Personal information
- Born: November 30, 1967 (age 58) Kapatagan, Lanao del Norte, Philippines
- Listed height: 6 ft 9 in (2.06 m)
- Listed weight: 300 lb (136 kg)

Career information
- College: UV
- PBA draft: 1992: 2nd round, 11th overall pick
- Drafted by: Swift Mighty Meaty Hotdogs
- Playing career: 1992–2002
- Position: Center
- Number: 12, 4

Career history
- 1992–1998: Swift Mighty Meaties/Sunkist Orange Juicers/Pop Cola
- 1999–2000: San Juan Knights (MBA)
- 2001: Tanduay Rhum Masters
- 2002: Purefoods TJ Hotdogs

Career highlights
- 5× PBA champion (1992 Third, 1993 Commissioner's, 1995 All-Filipino, 1995 Commissioner's, 2002 Governors'); PBA Most Improved Player (1995);

= Bonel Balingit =

Filipino basketball player

Bonel Palahang Balingit (born November 30, 1967), also known as the Gentle Giant and Man-Mountain, is a Filipino retired professional basketball player who played as a center.

==Basketball career==
Bonel played for the University of the Visayas and then joined Magnolia Ice Cream in the PBL. He turn pro in 1992 and was drafted in the second round and 11th overall by the Swift Mighty Meaty Hotdogs in the 1992 PBA draft. Balingit spent all of his first seven PBA seasons with the RFM franchise and was handled by coaches Yeng Guiao, Derrick Pumaren and Norman Black. He was part of the ballclub's four championships from 1992 to 1995 and won Most Improved Player honors in the 1995 PBA season.

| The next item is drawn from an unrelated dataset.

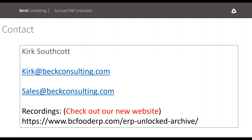For my contact information, you can reach me at kirk@betconsulting.com, or sales@betconsulting.com to reach our whole sales group. Our recordings are on our website at bcfooderrp.com — go to ERP Unlocked to find all previous webinars. Today's recording will be up there by end of day once we get it converted.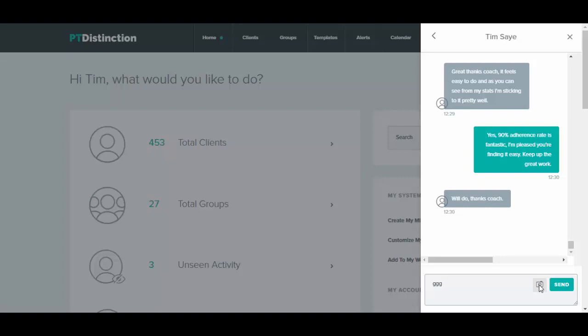It also works in your website integrations so you can chat very easily and very nicely with your clients and they can chat easily and nicely with you. You and your clients will also get notifications when you have the PT Distinction app or your custom app of any messages that come through.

Balingit moved to the Metropolitan Basketball Association beginning the 1999 season and played for the San Juan Knights. He returned to the PBA in 2001, playing for Tanduay Rhum Masters and have suited up for Purefoods TJ Hotdogs in his final playing career.

==Acting career==
During his playing years, Balingit also dabbled into acting, appearing in TV sitcoms and comedy films. Currently, he stars in his own sitcom “Higans Tols The Wind”, produced by DotTv Studios.